Aerobic Exercise Facts

You're likely familiar with the term aerobic from aerobics classes. Aerobic exercise uses oxygen to create energy. During aerobic exercise, the body primarily burns carbohydrates and fats, which can only be done in the presence of oxygen.

Energy for aerobic activity is produced slowly but in great supply. This type of energy primarily powers activities in which your muscles are used in continuous rhythmic or repetitive motions, moderately increasing your heart rate and respiration while building your physical endurance.

Aerobic exercise can be performed for long periods of time, because there is plenty of energy available. Examples include taking an aerobics class, going for a walk, riding the elliptical machine at the gym or running a marathon.



Anaerobic Exercise Facts

The anaerobic definition of exercise is simple: anaerobic energy can be created without oxygen. The body breaks down carbohydrates from blood glucose or glucose stored in muscle to produce energy. It can produce this type of energy very quickly but in limited supply.

This type of energy generally lasts between 30 seconds and three minutes, depending on the intensity of the activity. The more intense the activity is, the faster your body uses its quick anaerobic energy supply. That means you can only sustain very intense activities for a short period of time.
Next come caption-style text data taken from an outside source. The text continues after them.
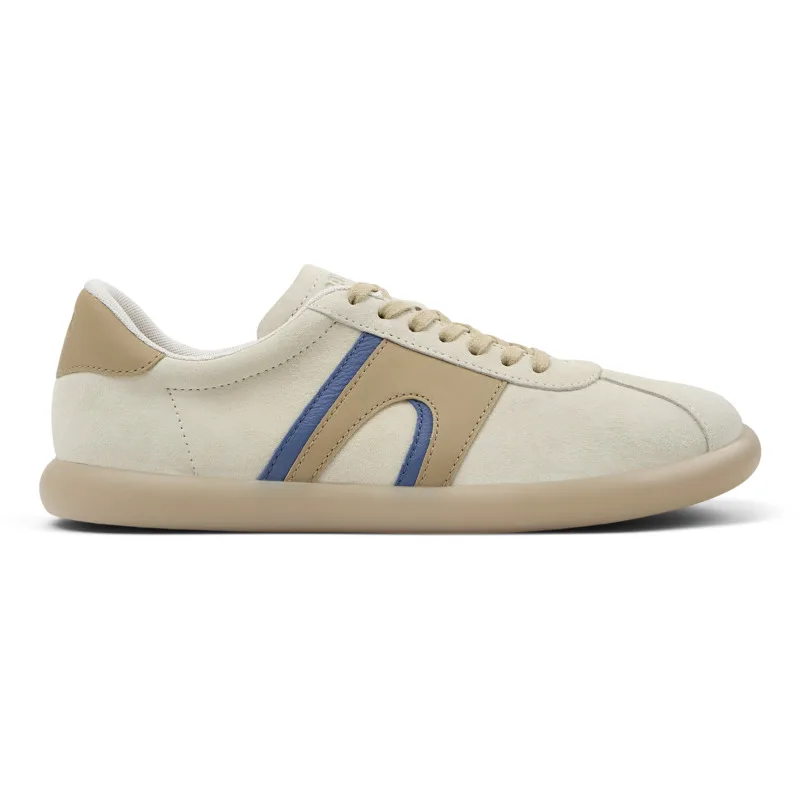 CAMPER Pelotas Soller - Sneakers Για Ανδρικα - Λευκό, Μέγεθος , Smooth leather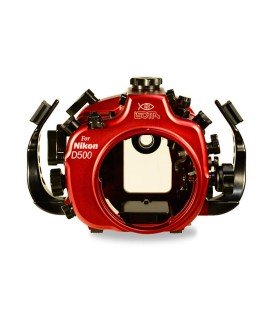 Nikon D500 Isotta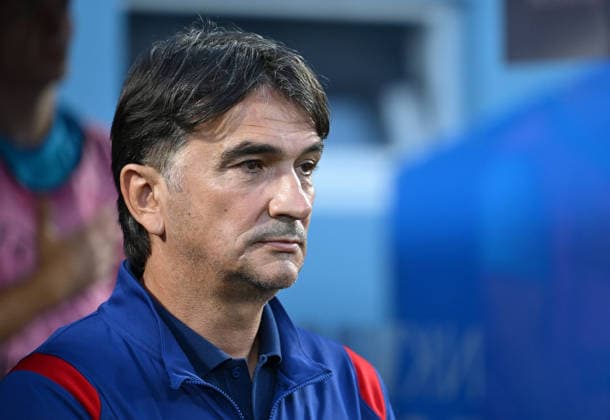 Croatia v Slovenia - International Friendly, Länderspiel, Nationalmannschaft Head Coach of Croatia Zlatko Dalic during the international friendly match between Croatia and Slovenia at Stadium Varteks on June 7, 2026 in Varazdin, Croatia.  IgorxSoban PIXSELL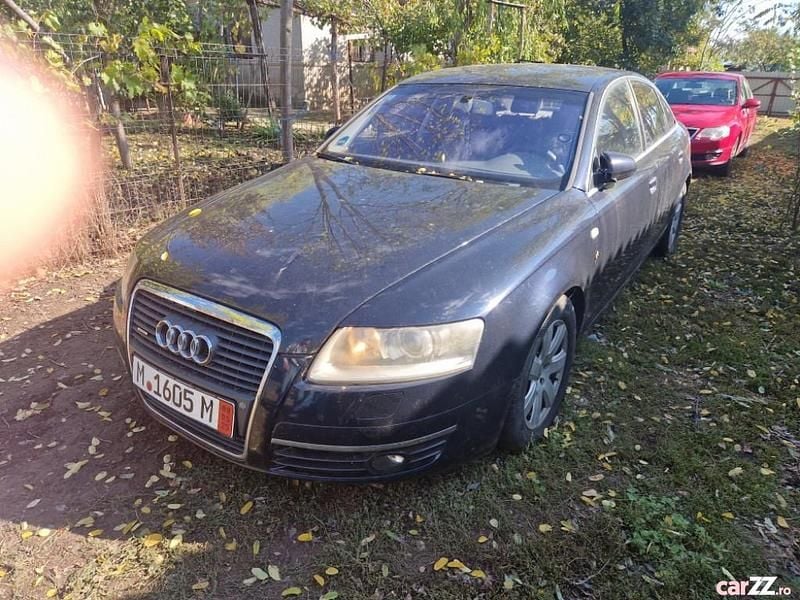 Utilizat 2008 Audi A6 Berlinǎ | 3.299 EUR (Super Preț) - Imagine 1/4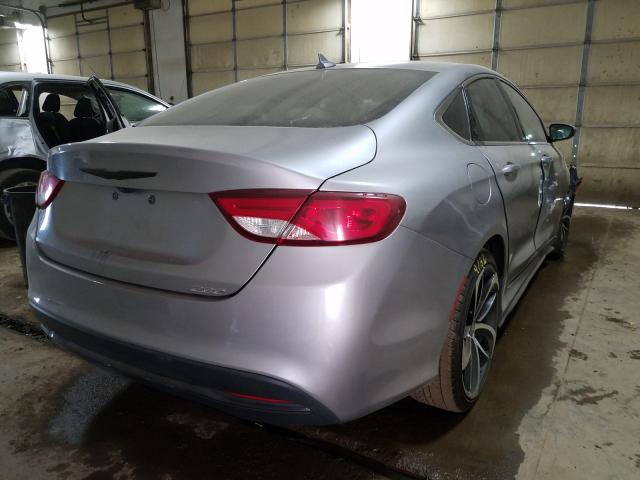 2016 CHRYSLER 200 LIMITE 1C3CCCAB2GN143037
Weight lifting is an example of an anaerobic exercise as are running sprints and explosive jumping. All 0f these activities use anaerobic glycolysis.


So basically we're talking endorphins here.

Anaerobic exercise...roller skating, lack of oxygen, ok, way less endorphins than Aerobic.

Aerobic exercise, 3 hours of racing on speed skates or a bicycle, or your feet, lot's of oxygen lot's of endorphins.

One person's ceiling is another person's floor.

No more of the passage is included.